Depuis son éclosion en superstar de l’indie folk à la fin de la dernière décennie, à la faveur d’un magnifique premier album devenu un classique incontournable, le chemin parcouru par la bande de Justin Vernon a de quoi laisser pantois. Alors qu’avec For Emma, Forever Ago il inspirait une quantité impressionnante de suiveurs plus ou moins talentueux, Bon Iver n’a – quant à lui – cessé de s’éloigner des terres solitaires et reculées de ses débuts pour étendre ses terrains de jeu et élargir considérablement son public au passage.

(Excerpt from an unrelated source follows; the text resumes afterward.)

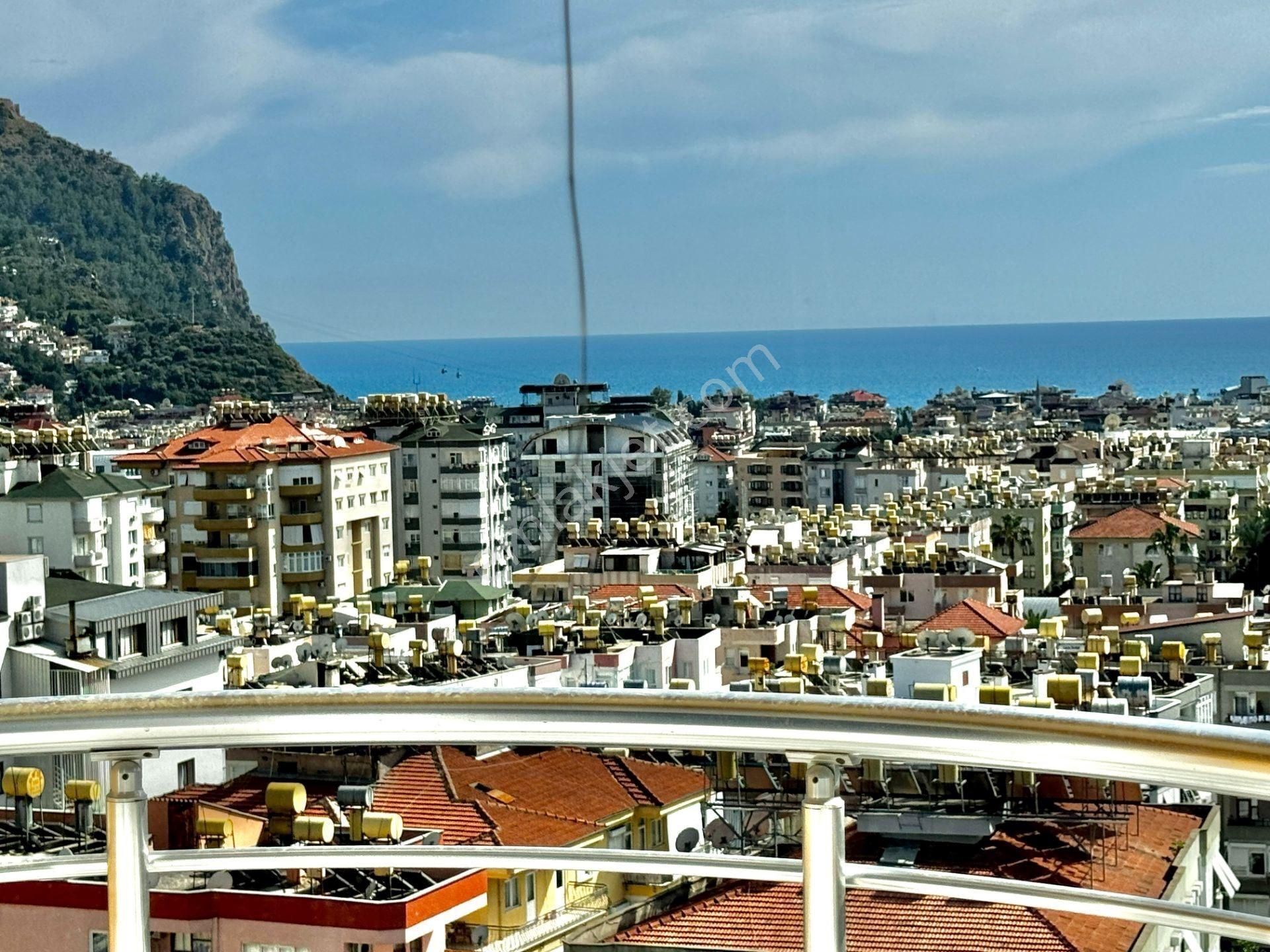 Alanya / Kleopatra’da Kale Ve Deniz Manzaralı 5+1 Satılık Daire - Görsel 4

Cette mutation progressive du barde solitaire au groupe de pop moderne fut amorcée dès le second album éponyme, qui conviait déjà de prestigieux collaborateurs pour dresser des arrangements touffus au service d’une vision toute personnelle des territoires nord-américains. Après un hiatus de quelques années qui l’amenèrent à collaborer avec le gratin du RnB et de la pop électronique (de Kanye West à James Blake), Justin Vernon vint parachever sa mue en 2016 avec un disque faisant la part belle aux samples, voix pitchées à grand renfort d’autotune et sonorités synthétiques solidement ancrées dans son époque (22, A Million).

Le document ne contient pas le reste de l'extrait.